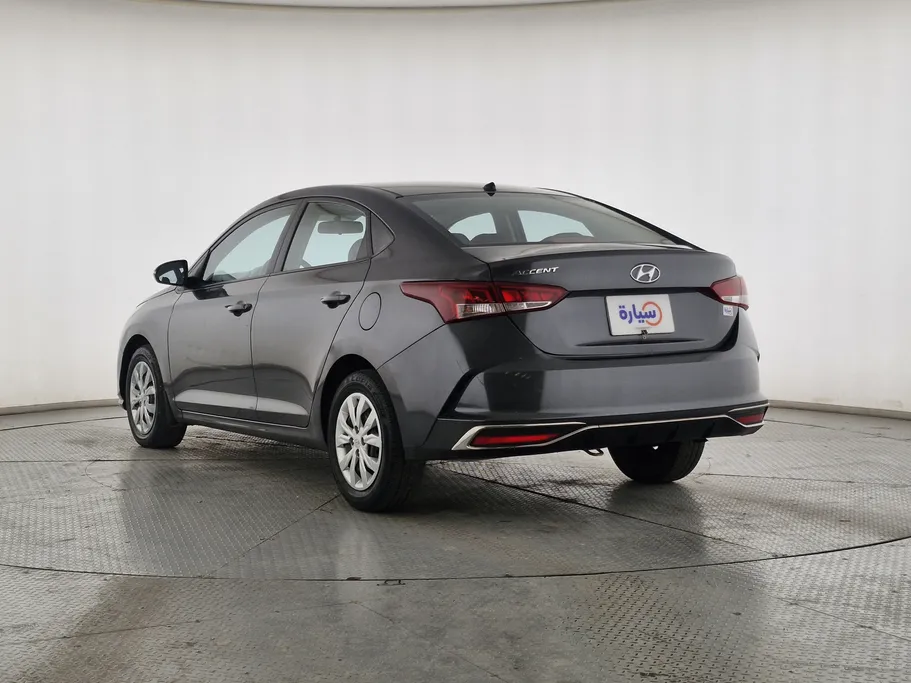 هيونداي اكسنت سمارت 2021 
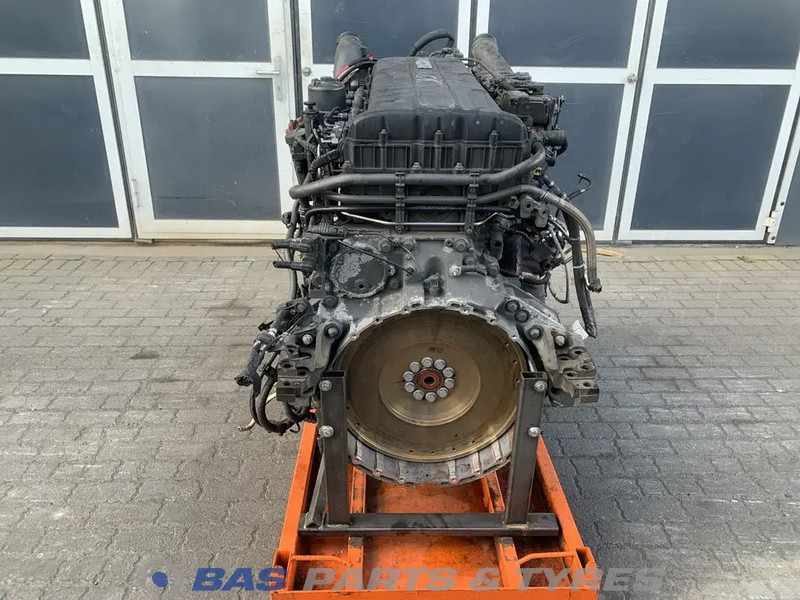 DAF XF106 Motor DAF MX11 330 H2 0452051 - Двигател за Камион: снимка 2 DAF XF106 Motor DAF MX11 330 H2 0452051 - Двигател за Камион: снимка 2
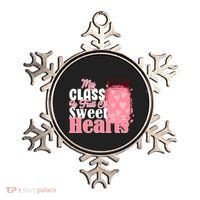 My Class Is Full Of Sweet Hearts Valentine's Day Ornament thumb 0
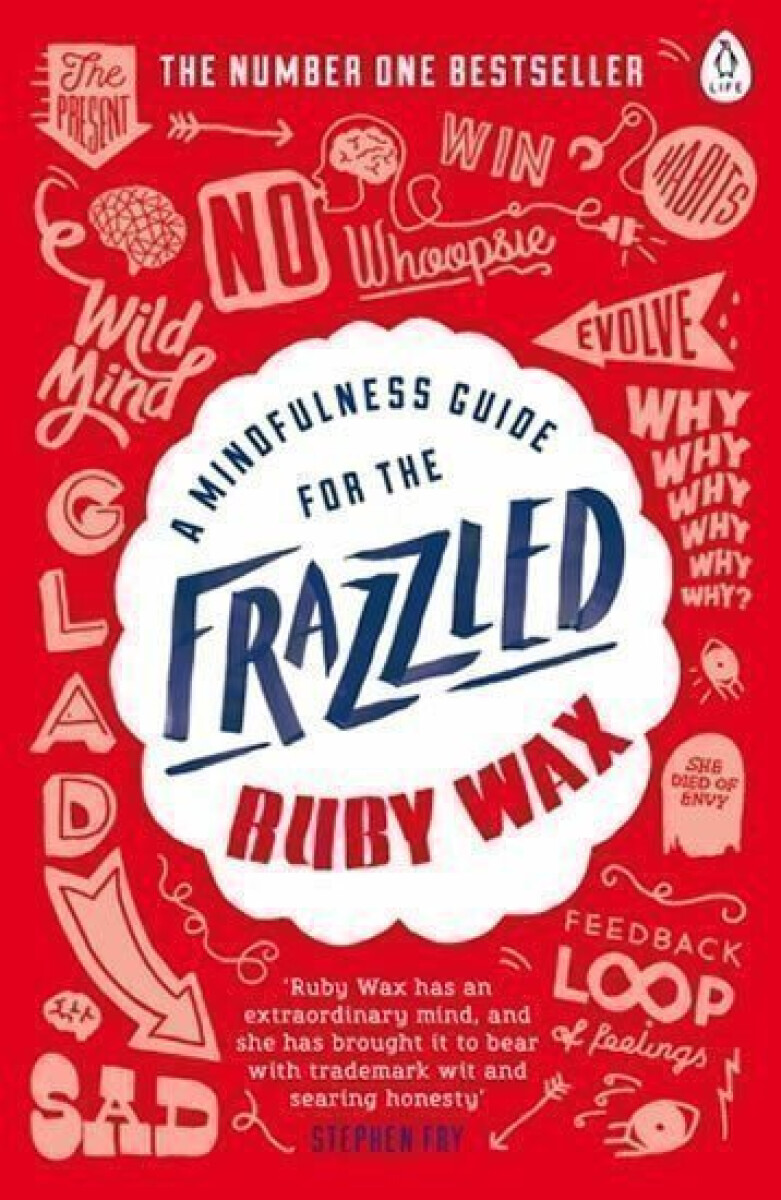 Kniha A Mindfulness Guide for the Frazzled
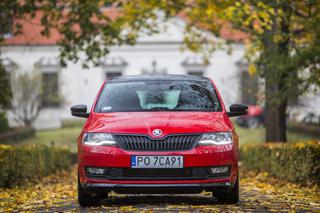 Skoda Rapid Spaceback Monte Carlo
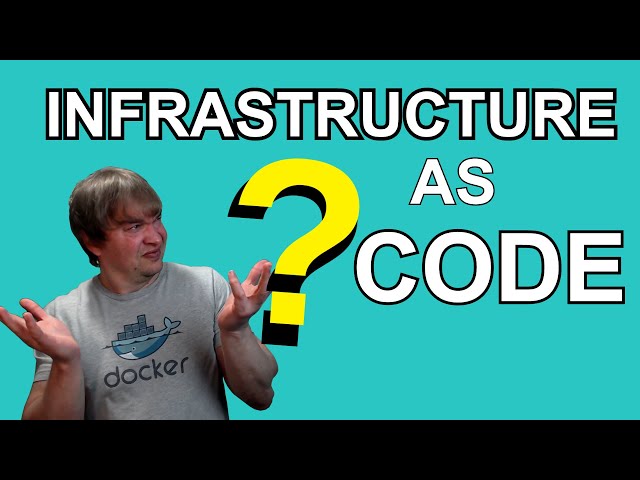 What is Infrastructure as Code ?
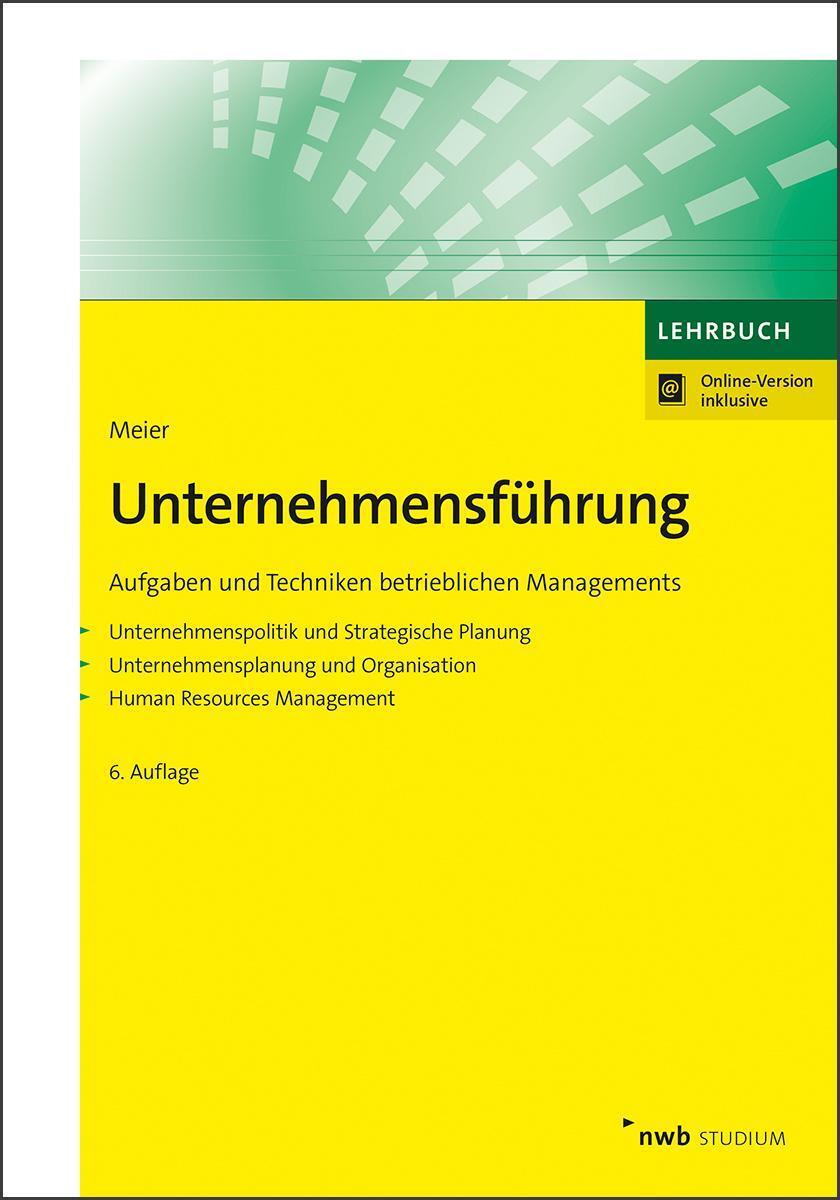 Thumbnail - Unternehmensführung Harald Meier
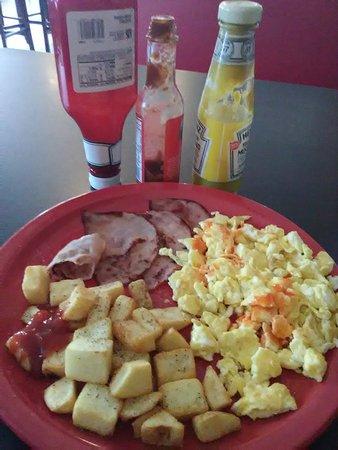 The Cracked Egg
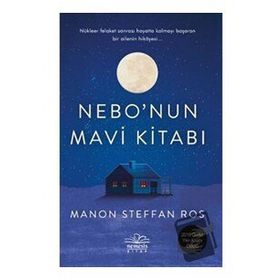 Nebo'nun Mavi Kitabı - Manon Steffan Ros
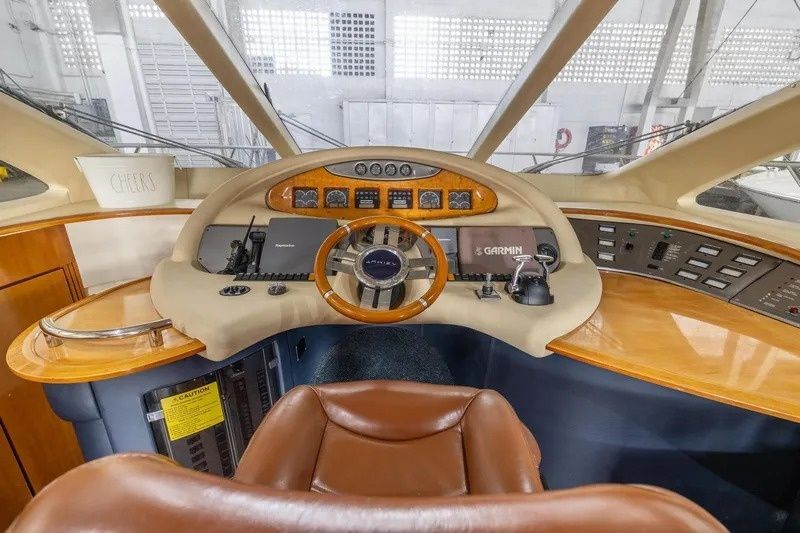 Azimut 55 | Susi
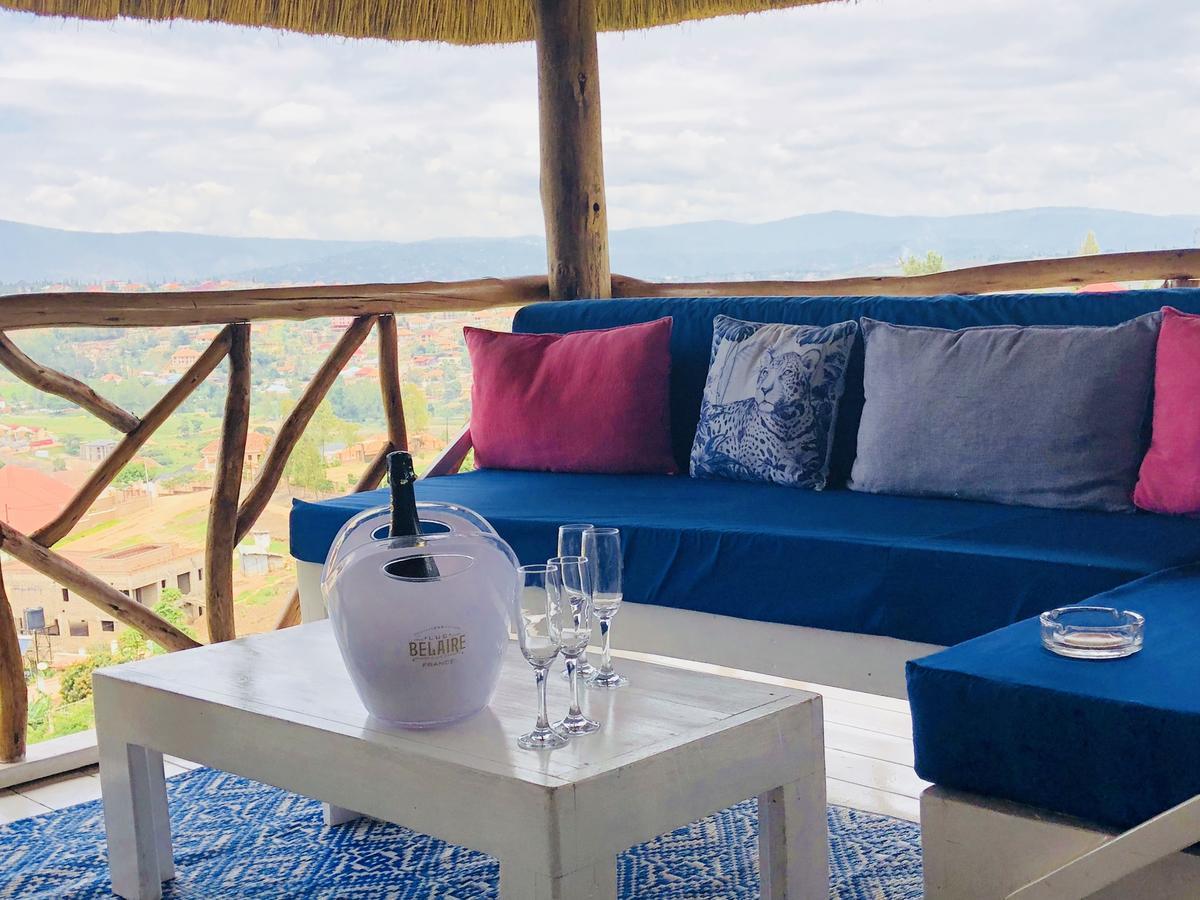 Pili Pili Boutique Hotel Kigali Exteriér fotografie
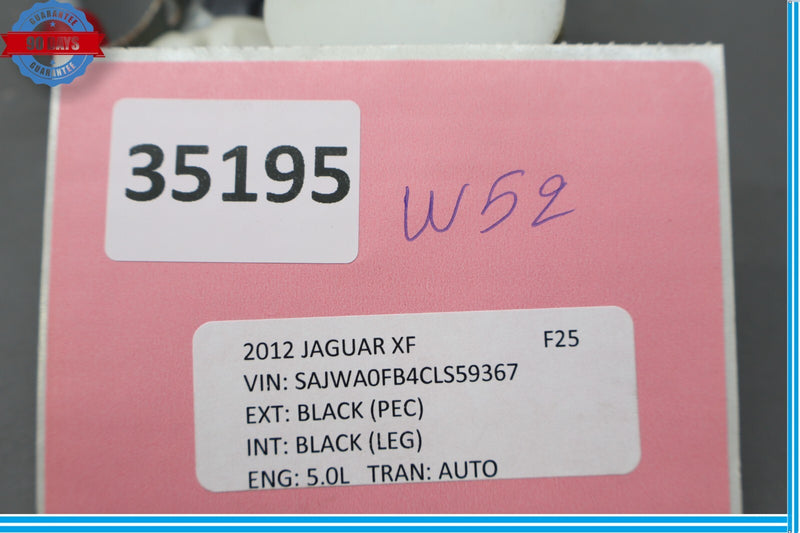 Load image into Gallery viewer, 09-15 Jaguar XF Front Right Passenger Side Door Window Regulator W/ Motor Oem
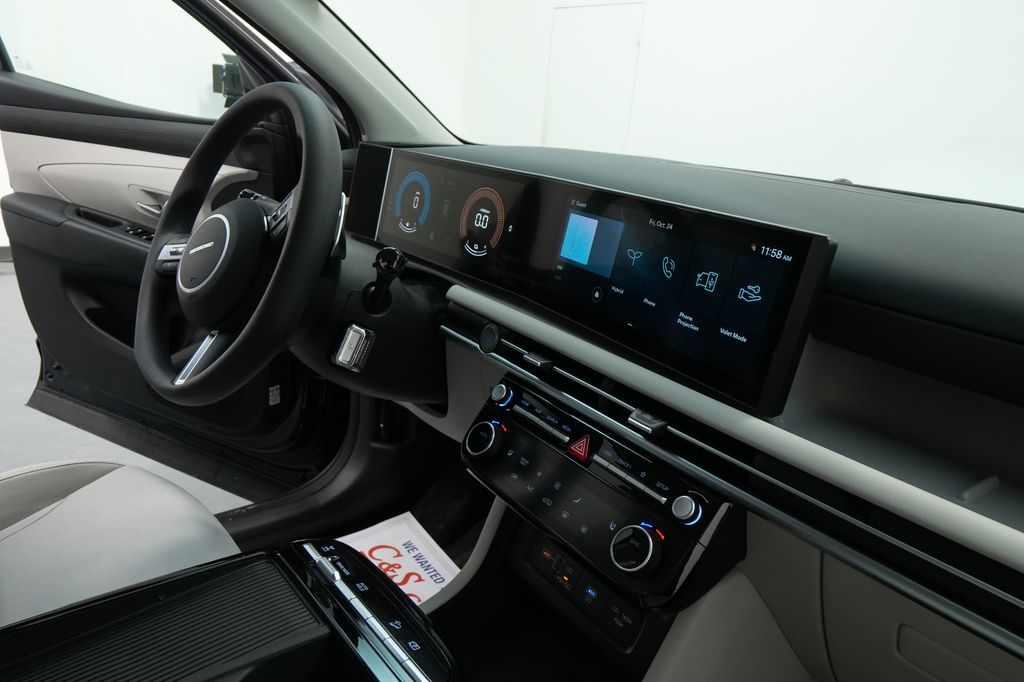 2026 Hyundai Tucson Hybrid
○ ○ ○
_Task details_: Make an exact copy of the data, leaving its pictures out.

_Solved problem_:
 هيونداي اكسنت سمارت 2021 
 DAF XF106 Motor DAF MX11 330 H2 0452051 - Двигател за Камион: снимка 2 DAF XF106 Motor DAF MX11 330 H2 0452051 - Двигател за Камион: снимка 2
 My Class Is Full Of Sweet Hearts Valentine's Day Ornament thumb 0
 Kniha A Mindfulness Guide for the Frazzled
 Skoda Rapid Spaceback Monte Carlo
 What is Infrastructure as Code ?
 Thumbnail - Unternehmensführung Harald Meier
 The Cracked Egg
 Nebo'nun Mavi Kitabı - Manon Steffan Ros
 Azimut 55 | Susi
 Pili Pili Boutique Hotel Kigali Exteriér fotografie
 Load image into Gallery viewer, 09-15 Jaguar XF Front Right Passenger Side Door Window Regulator W/ Motor Oem
 2026 Hyundai Tucson Hybrid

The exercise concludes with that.